Quantcast

RACE WAR ON YARDS

A public meeting to discuss the Atlantic Yards project degenerated into
a shouting match that reopened Brooklyn’s class and race scars.

A mild-mannered update on Bruce Ratner’s proposed $3.5-billion arena
and residential project was quickly derailed when a black supporter and
a white opponent fought over differing notions of the “community”
that will be affected by the mega-development.

The fireworks began when panelist Candace Carponter of the anti-project
group Develop Don’t Destroy Brooklyn, told co-panelist Bertha Lewis
of the Association of Community Organizations for Reform Now [ACORN] that
DDDB supported development that would benefit the “community.”

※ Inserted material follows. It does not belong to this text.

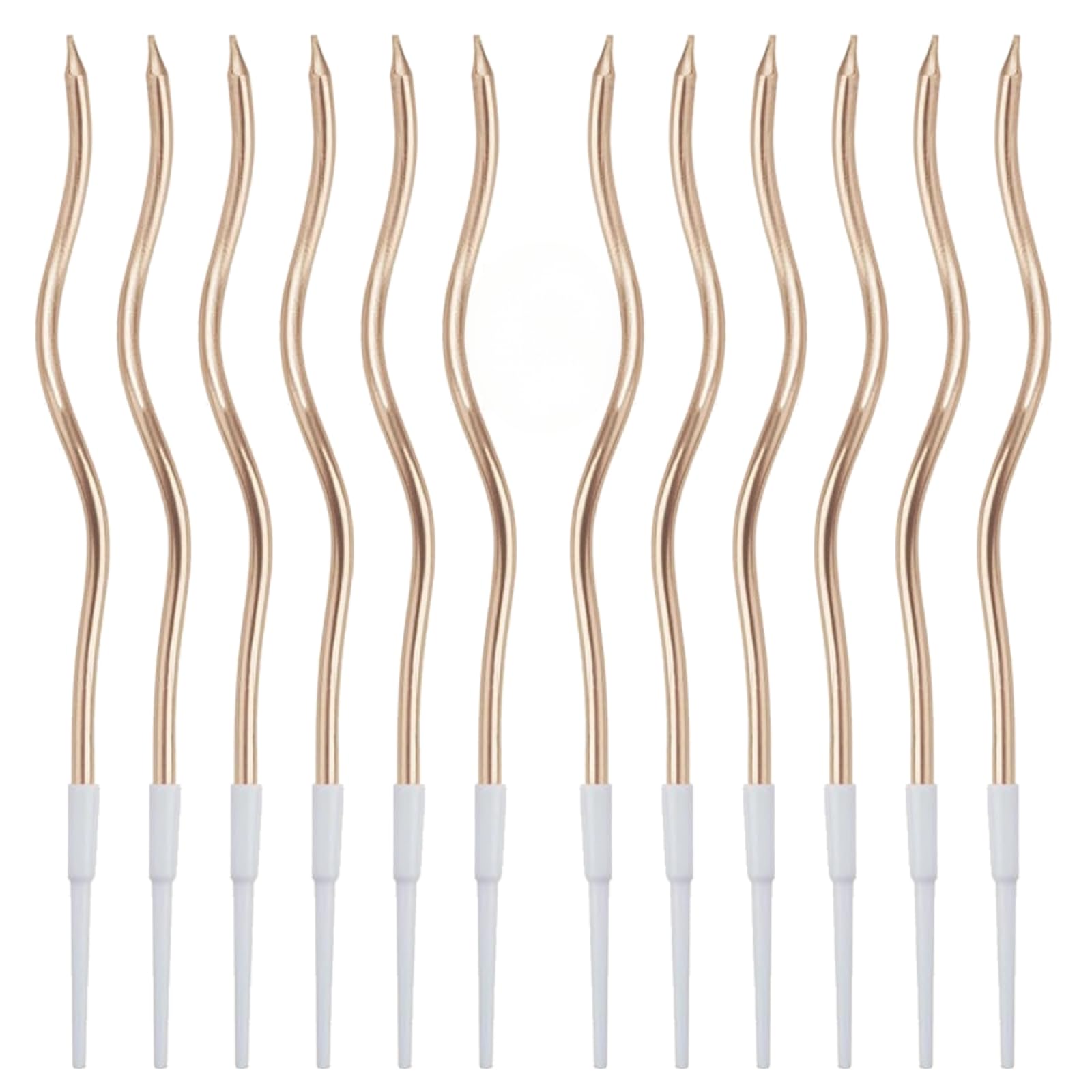 OukeMaxi 24 Pcs champagne spiral birthday candles packaging with holders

“What community are you talking about?” Lewis fired back, telling
Carponter that her group’s opposition to the project ignores her
“community,” which is desperate for housing and jobs.

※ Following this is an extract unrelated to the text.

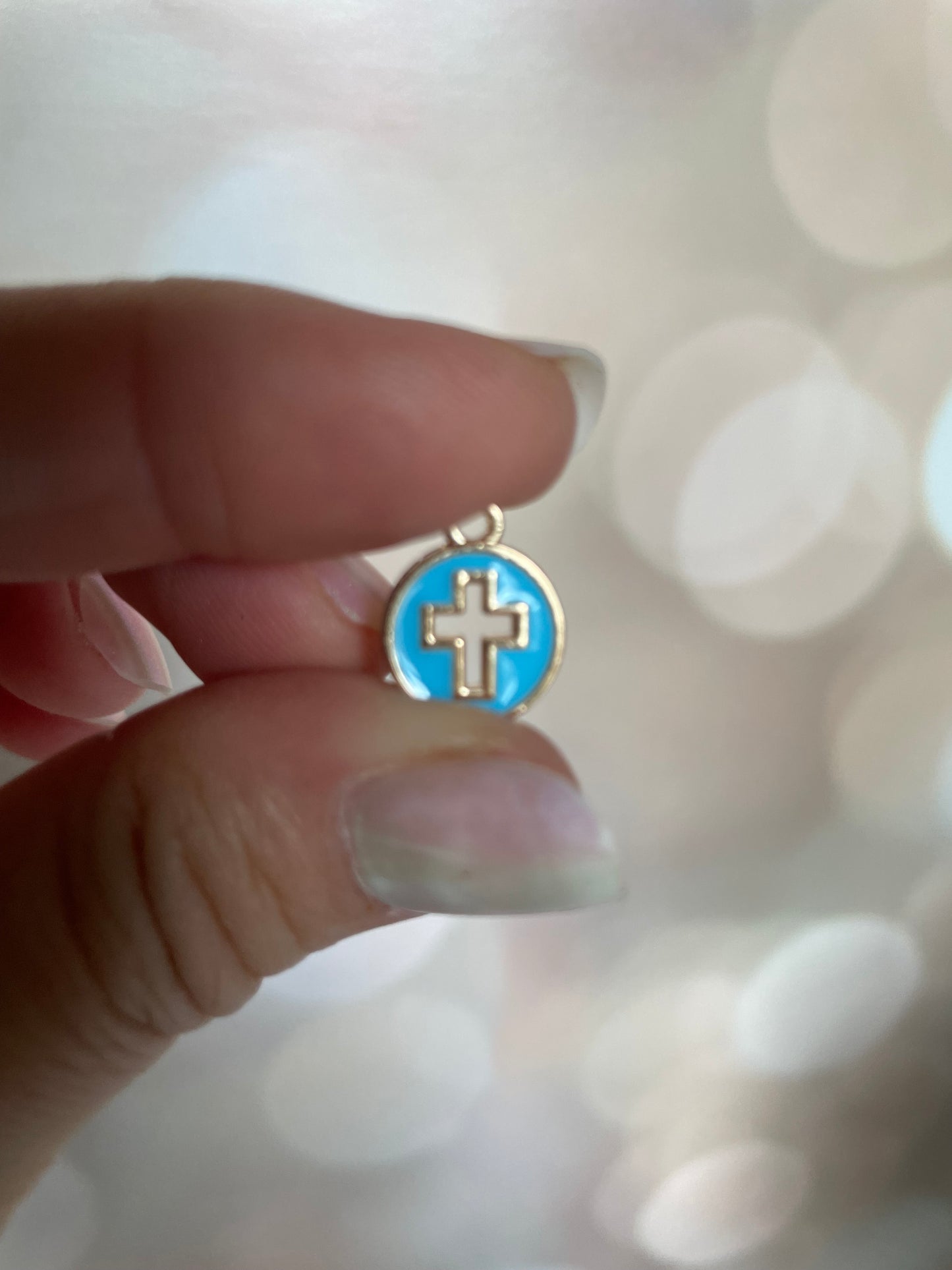 Round Cross Enamel Charm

Lewis said ACORN cast its lot with Ratner because of the affordable housing
promised by the developer, but Carponter said Lewis was ignoring the larger
consequences of the project, such as environmental impacts and secondary
displacement that the Frank Gehry-designed apartments and arena would
create.

“It’s not necessary to build an arena to create affordable housing,”
Carponter said.

But Lewis attacked Carponter for waging a theoretical battle with Ratner
rather than worrying about poverty that actually exists.

“You talk about the environment,” Lewis said. “I don’t
about all that. I know about housing.”

Lewis added ACORN, a housing advocacy group, could find common ground
with DDDB if the anti-Ratner group would fight other area developers,
too.

“There are 49 developers in central Brooklyn,” Lewis said. “Ninety-one
percent of what they are building is luxury. Pick on them, and I’ll
be down with you.”

Lewis said that Atlantic Yards accounts for virtually all of the 9 percent
that’s not luxury housing.

Lewis is forbidden to speak negatively about the project as part of a
deal between Forest City Ratner and ACORN.

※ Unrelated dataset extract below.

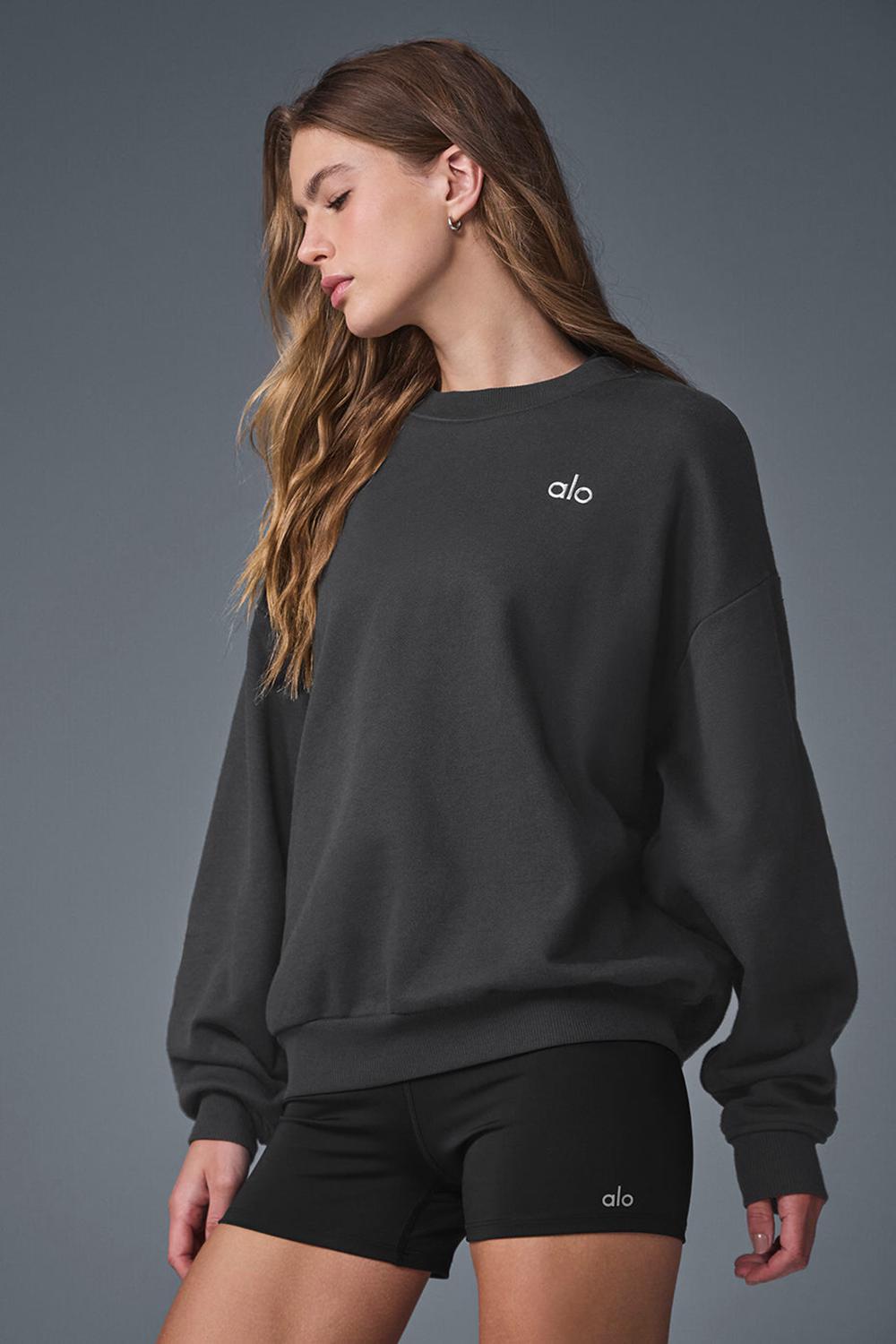 Φουτερ γυναικεια Alo Yoga Accolade Crew Neck Anthracite | Greece  CUPZX-9187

That deal also required Ratner to set aside half of the Atlantic Yards’
residential units as affordable housing. But since the contract was signed,
Ratner has added 2,800 market-rate condos to the plan, a change that dropped
the percentage of affordable housing to 40 percent.

Lewis said she believes Ratner will raise the number of affordable units
to keep the percentage at 50.

If he fails to build the required units of affordable housing, Ratner
must pay $500,000 in damages to ACORN and other groups, said New York
University law professor Virginia Been.

“Of course, that’s nothing for this kind of project,” said
Been, who was the third, and less-explosive, member of the panel, which
was sponsored by Women in Housing and Finance, a networking group for
professionals who work for, and do business with, the city.”